This time last month I was wandering the beautiful winding streets of Prague’s old town. The old town is incredibly beautiful and I’ve never been anywhere quite like it. The small shops and seemingly permanent market stalls in the old town reminded me of Christmas markets with the scent of mulled wine and cinnamon in the air. The cinnamon rolls served in many market stalls were incredible and definitely my favourite find, particularly the ones served with a coating of Nutella in the centre.
The old town was beautiful during the daytime but really came to life at night. The shops and markets were all open late and there was live music and entertainment creating a buzzing environment. To make the most of the vibrant evening atmosphere we went on a Mysterium tour of the old town. Our tour guide, Georg, walked us around the old town stopping at historical buildings, churches and interesting areas to tell us a ghost story about each place. The Mysterium tour was unlike anything I’ve ever done before and the combination of historical sightseeing and entertainment allowed us to learn much more about the old town than walking around alone.

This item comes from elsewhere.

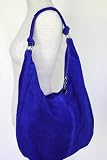 Produkt-Bild: Shopper / Beuteltasche aus echt. Wildleder, Royal Blau Italy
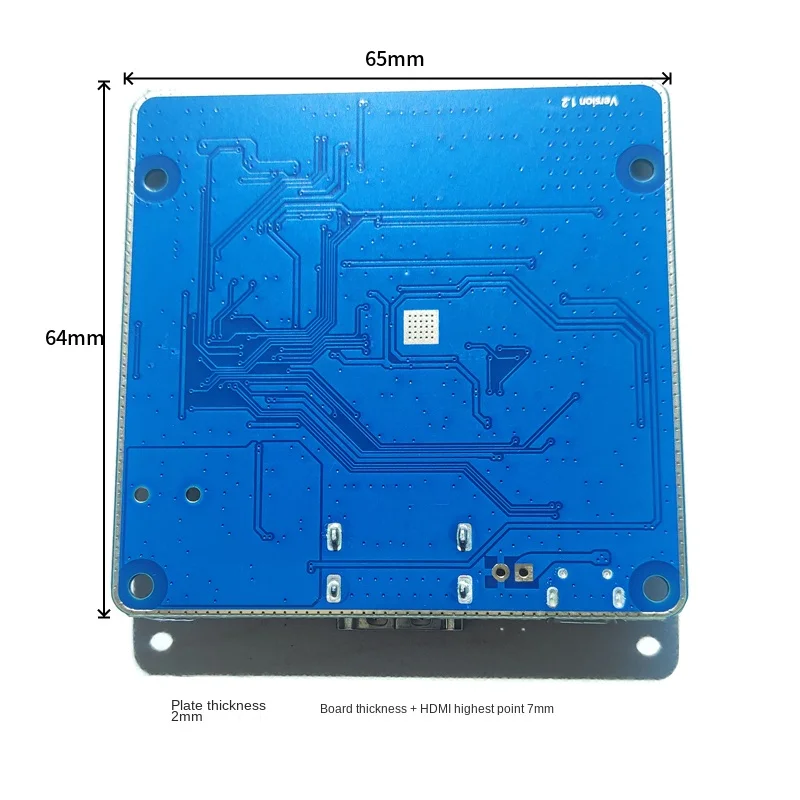 Customized 1.39-Inch 3.4-Inch 5-Inch round Screen AMOLED HD Display Player HDMI Driver Plug-in TF Card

Crossing the river from the area of the Old Town Square takes you over the Charles Bridge and up to the castle which, up close, looks more like a palace than a castle. The turrets that are visible from the bridge are actually part of the castle’s chapel. It was a clear day and, from the top of the hill, the views of the rest of the city across the river were incredible. We made our way back towards the river through the winding streets stopping at the John Lennon Wall before crossing the bridge back to the Old Town.
The bone chapel in Kutna Hora is a drive out of the city centre but was well worth visiting. The site of the Sedlec Ossuary has been a popular burial site since before the current gothic chapel was built. Thousands of bodies were buried here during the Black Death and during the construction of the chapel many of the graves were disturbed so the chapel was built with two levels. The upper level was used for the chapel itself and the lower chapel was used to house the bones of 40,000 to 70,000 people unearthed during construction. The inside of the lower chapel is not just a storage space for bones, it is ornately decorated with bone sculptures with many of skulls and crossbones which are placed this way to represent angel wings so the souls of the dead can fly to heaven. We stayed in Kuna Hora for a full afternoon and after visiting the bone chapel we also went to St. Barbara’s cathedral and then stopped for a delicious hot chocolate at a blues cafe before heading back to the bus.
The last stop of the trip was Wenceslas Square on our way back to the train station. We stopped at Vytpona railway restaurant for lunch. In the railway restaurant, drinks were delivered by train to each table using an extensive miniature railway network around the building. The restaurant was a large room on the first floor with the kitchen in the middle and tables round the edge, all connected by rail. Trains took priority in the restaurant and there were stairs and bridges for people to walk above the tracks. You didn’t have to be a train geek to appreciate that it was really cool. I could have sat there for hours just watching the trains go by but after a fantastic weekend it was time to head home.